Nearly 20 years ago, state lawmakers were worried that a recently approved referendum requiring the state to spend more money on public education would lead to higher taxes on residents. So they passed a law limiting future growth of the state budget.
That spending cap, which is tied to the average personal income growth over the previous decade, never became an issue because the state ignored the voters’ demand that it cover 55% of the cost of public education.
But all that changed once the state finally reached the funding target two years ago, triggering a new limit on new spending. And that long-dormant cap could now play a big role in the negotiations over Gov.
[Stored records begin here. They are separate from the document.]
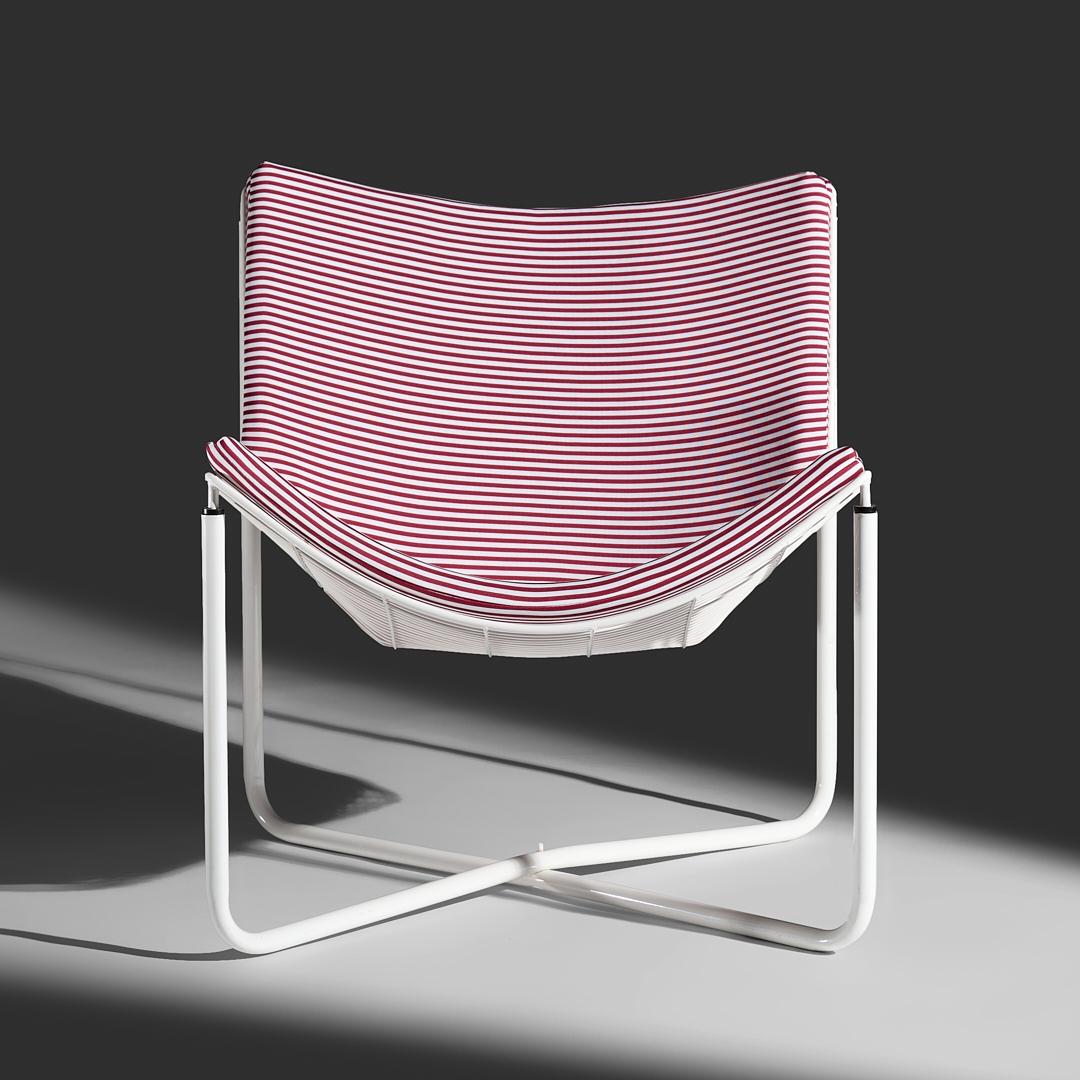 Dieser klassische Loungesessel oder Sessel wurde von Niels Gammelgaard für Ikea entworfen und 1983 hergestellt. Das Gestell ist aus weiß lackiertem Metall und wird mit unüblichen Sitz- und Rückenkissen aus Stoff geliefert. Der Stuhl befindet sich in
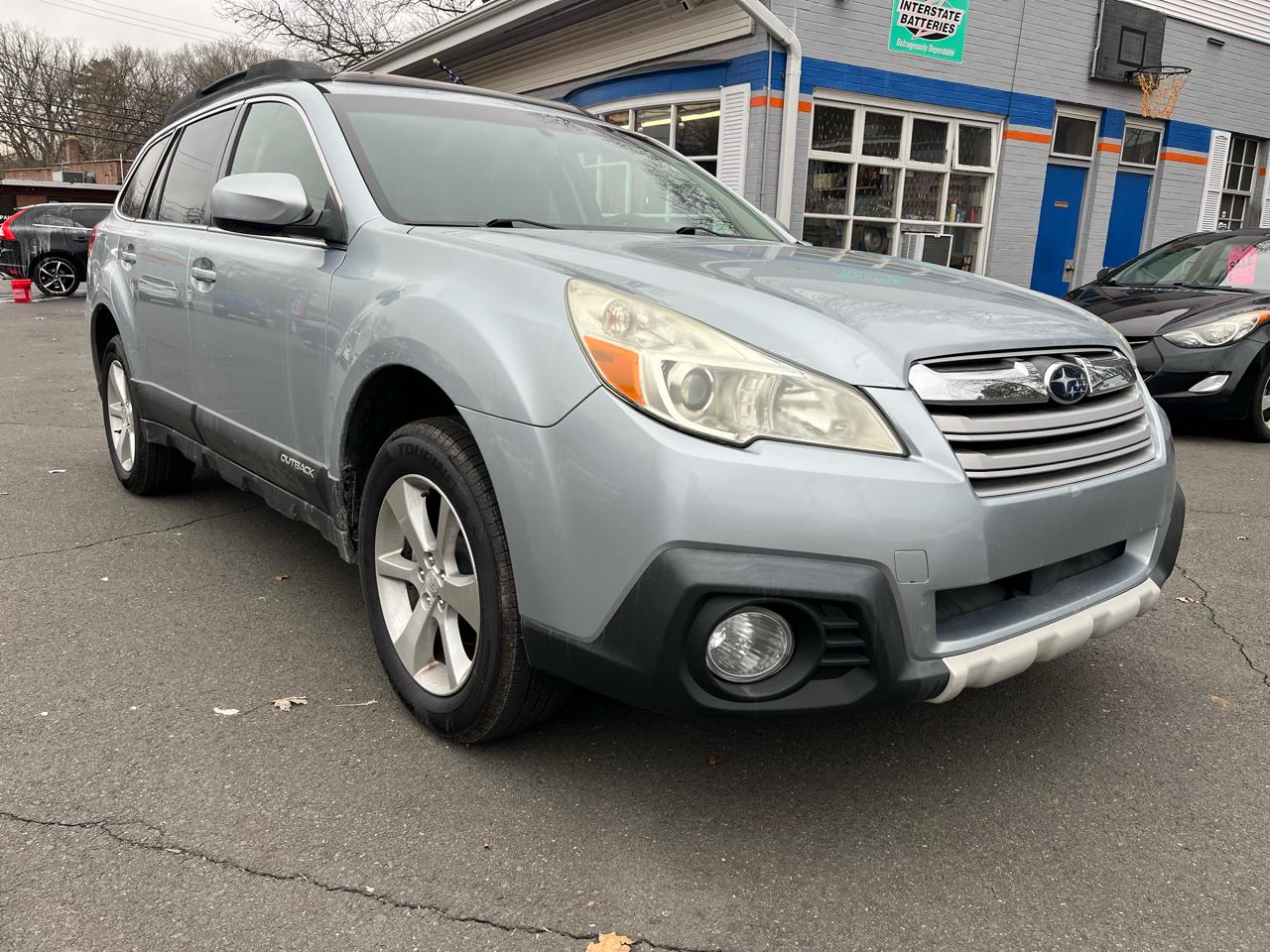 Subaru Outback 4dr Wgn H4 Auto 2.5i Limited 2013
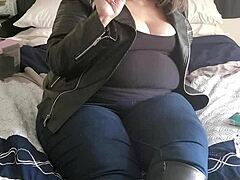 Amatör vackra feta kvinnor Abby visar upp sin rökning fetisch i läder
Janet Mills’ proposed $10.3 billion two-year budget and Republican demands for a smaller budget that allows for tax cuts.
Mills’ two-year budget proposal would increase state spending by $900 million, which is about $400 million more than the cap allows. It includes a wide range of priorities, from continuing support for education, pre-kindergarten programs and free community college tuition to massive investments in roads and bridges.
All of the proposed spending increases are funded by increased revenue projected by a nonpartisan group of state economists, not tax increases.
As a legislator in 2005, Mills voted for the bill that set the spending cap. But now, as governor, she is seeking to change that law to accommodate the budget proposal being reviewed by lawmakers. Republicans are hoping to leverage that cap during negotiations to reduce income or sales taxes, or both.
The spending cap debate is expected to take center stage as budget negotiations heat up in the coming weeks. It will frame every other budget decision that follows, including whether Republicans will join Democrats to pass a bipartisan budget before July 1, averting a potential government shutdown.
“We will have a candid discussion,” said Rep. Sawin Millett, a longtime Republican lawmaker from Waterford who is respected by both parties as a budget negotiator and expert. “That will be an early decision. If we agree on an alternative, it changes the overall cap.”
Democrats currently control the House and Senate, in addition to the governorship. They could pass a majority budget, without Republican support, but would need to do so before the end of this month to avoid a government shutdown. That’s because majority budgets don’t take effect until 90 days after enactment, whereas budgets enacted with two-thirds support take effect immediately after the Legislature adjourns.
Mills proposes setting a new baseline at 98% of the nonpartisan revenue projection over the next two years, which is estimated to be $10.5 billion. Updated forecasts are expected early next month. The growth cap would apply to that figure in the next budget cycle, resulting in hundreds of millions of dollars of new spending.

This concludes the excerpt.